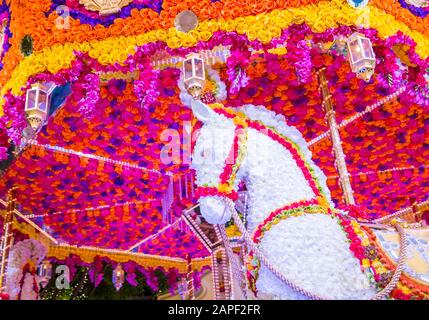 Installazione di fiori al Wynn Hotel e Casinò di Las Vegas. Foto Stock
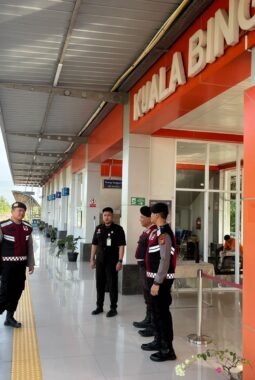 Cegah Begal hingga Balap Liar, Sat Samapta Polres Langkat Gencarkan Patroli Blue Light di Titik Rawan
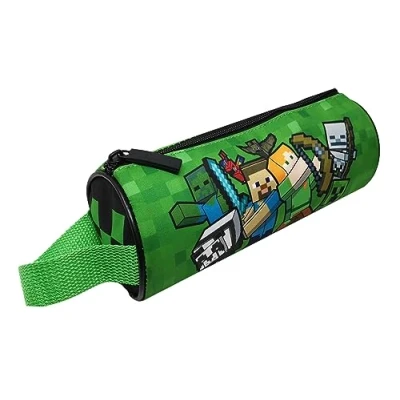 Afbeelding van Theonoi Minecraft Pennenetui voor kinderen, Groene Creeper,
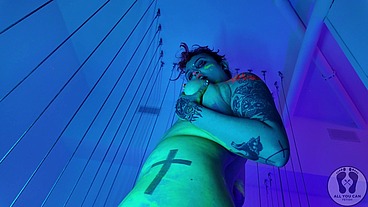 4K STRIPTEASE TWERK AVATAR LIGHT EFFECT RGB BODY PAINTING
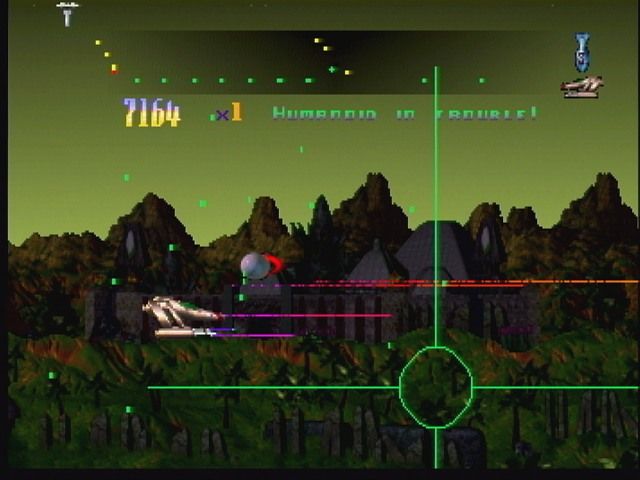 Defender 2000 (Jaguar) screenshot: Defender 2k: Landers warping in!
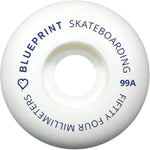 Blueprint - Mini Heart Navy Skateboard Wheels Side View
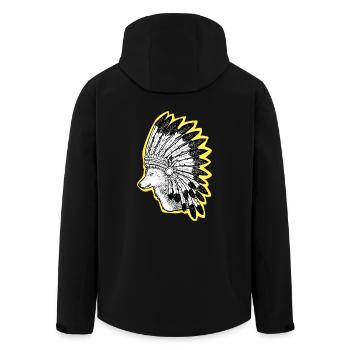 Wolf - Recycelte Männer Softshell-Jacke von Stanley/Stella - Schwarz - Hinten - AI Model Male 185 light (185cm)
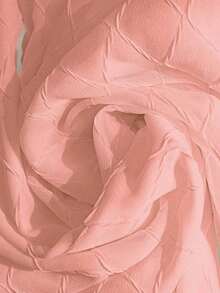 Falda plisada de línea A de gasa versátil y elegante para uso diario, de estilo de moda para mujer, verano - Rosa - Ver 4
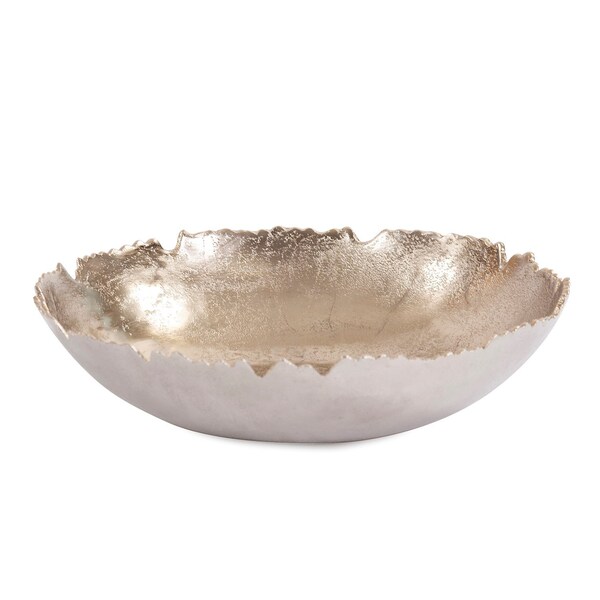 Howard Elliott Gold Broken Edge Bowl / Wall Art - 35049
--
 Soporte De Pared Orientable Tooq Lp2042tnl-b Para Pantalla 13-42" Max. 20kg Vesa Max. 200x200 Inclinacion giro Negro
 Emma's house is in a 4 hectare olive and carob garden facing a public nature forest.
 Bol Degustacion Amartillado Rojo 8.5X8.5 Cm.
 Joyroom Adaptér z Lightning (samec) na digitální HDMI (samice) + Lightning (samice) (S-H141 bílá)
...
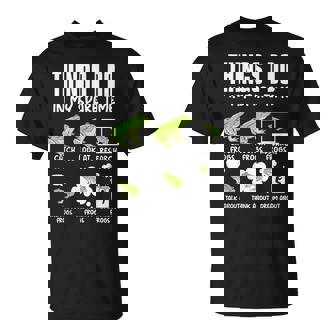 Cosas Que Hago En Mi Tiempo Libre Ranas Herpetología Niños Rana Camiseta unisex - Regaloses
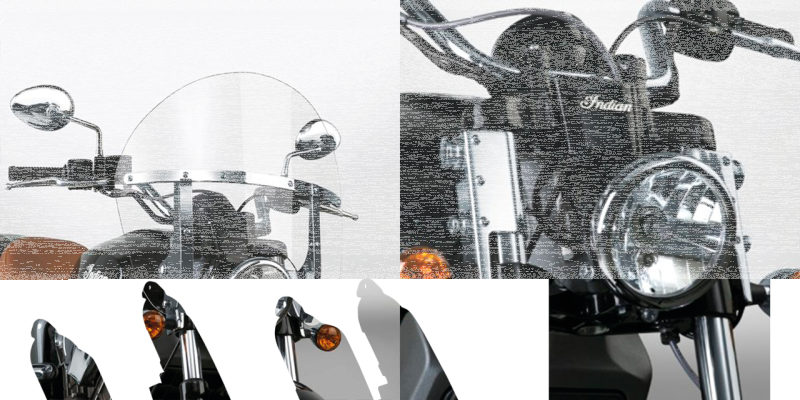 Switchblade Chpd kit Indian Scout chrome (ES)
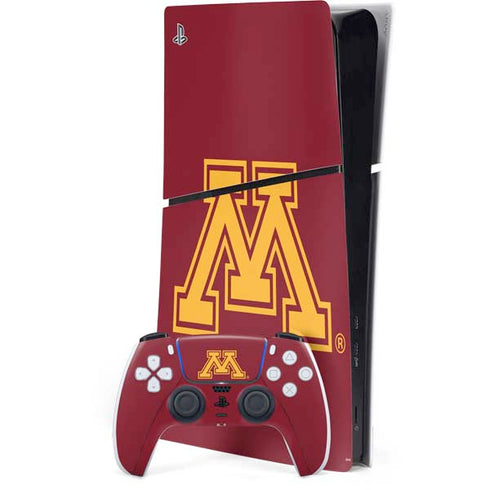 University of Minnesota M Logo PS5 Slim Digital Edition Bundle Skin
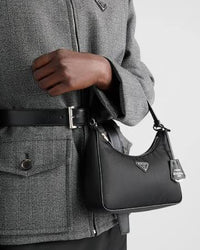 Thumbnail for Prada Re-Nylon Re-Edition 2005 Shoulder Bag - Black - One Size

** What to do **
In the records above, find the line containing "Falda plisada de" and the line containing "Howard Elliott Gold", then give both of them again word for word along with every line between. Omit any pictures.

** Response **
 Falda plisada de línea A de gasa versátil y elegante para uso diario, de estilo de moda para mujer, verano - Rosa - Ver 4
 Howard Elliott Gold Broken Edge Bowl / Wall Art - 35049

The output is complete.